In its most recent update on the energy markets, the International
Energy Agency said demand for oil in the first half of this year
rose by the smallest amount since 2020. Meanwhile, supplies have
continued to increase and the OPEC+ alliance has said it plans to
release more oil into the market starting in December.
What is going on with energy prices this year?
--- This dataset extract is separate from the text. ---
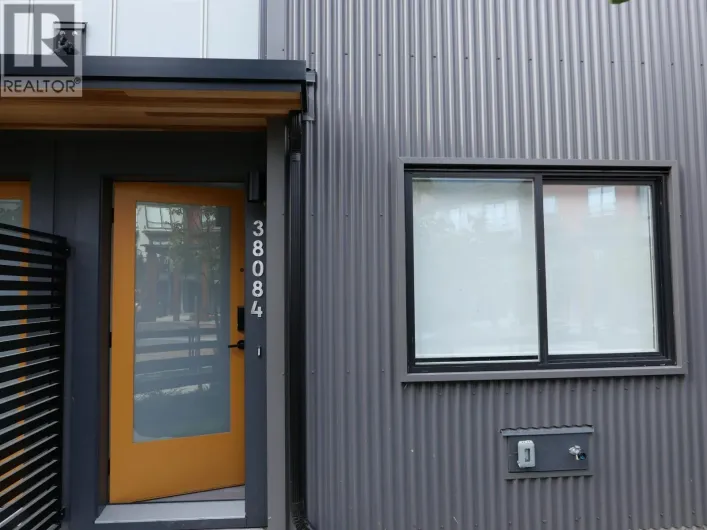 38084 HELM WAY, Squamish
Oil futures rose quickly to start the year and hit $85 per barrel in
April, but it's been almost all downhill from there and prices at
the pump are following along.
U.S. gas prices loosely follow crude because the price of oil makes
up half the cost of a gallon of gasoline. Between Friday and Monday,
during which Israel launched a measured counterstrike in Iran, the
price for a barrel of oil tumbled $4.
OPEC has tried to establish a floor for oil prices this year with
little success.
Saudi Arabia and allied oil producing countries in June extended
production cuts into next year hoping to support slack prices that
haven’t rebounded even amid turmoil in the Middle East and this
year's summer travel season.
At the same time, the U.S. is pumping unprecedented volumes of
crude. The U.S. Energy Information Administration expects average
daily crude oil production in the United States this year will be
13.2 million barrels per day, and it only expects that production to
grow in 2025.
What’s next for oil and gasoline prices?
A number of energy experts believe that oil prices have peaked this
year and will continue to erode, likely meaning more breaks for
motorists.
“Limited nature of Israeli strikes against Iran should diminish
fears of wider war and shave some of the geopolitical premium on
crude oil,” said Tom Kloza, global head of energy analysis with the
Oil Price Information Service on a social media post over the
weekend. “Today’s U.S. retail gas avg is $3.13/gal with 55% of sites
priced at less than $3/gal.”
Kloza told the AP this month that 2025 looks even worse for oil
producers, “with supply almost certainly outpacing demand by 500,000
to 1 million barrels a day.”
Gasoline prices are already in retreat with a week remaining before
the U.S. presidential election.
The national average price of $3.13 per gallon is down more than 4
cents from last week and it's down a whopping 37 cents per gallon
from last year at this time, according to auto club AAA.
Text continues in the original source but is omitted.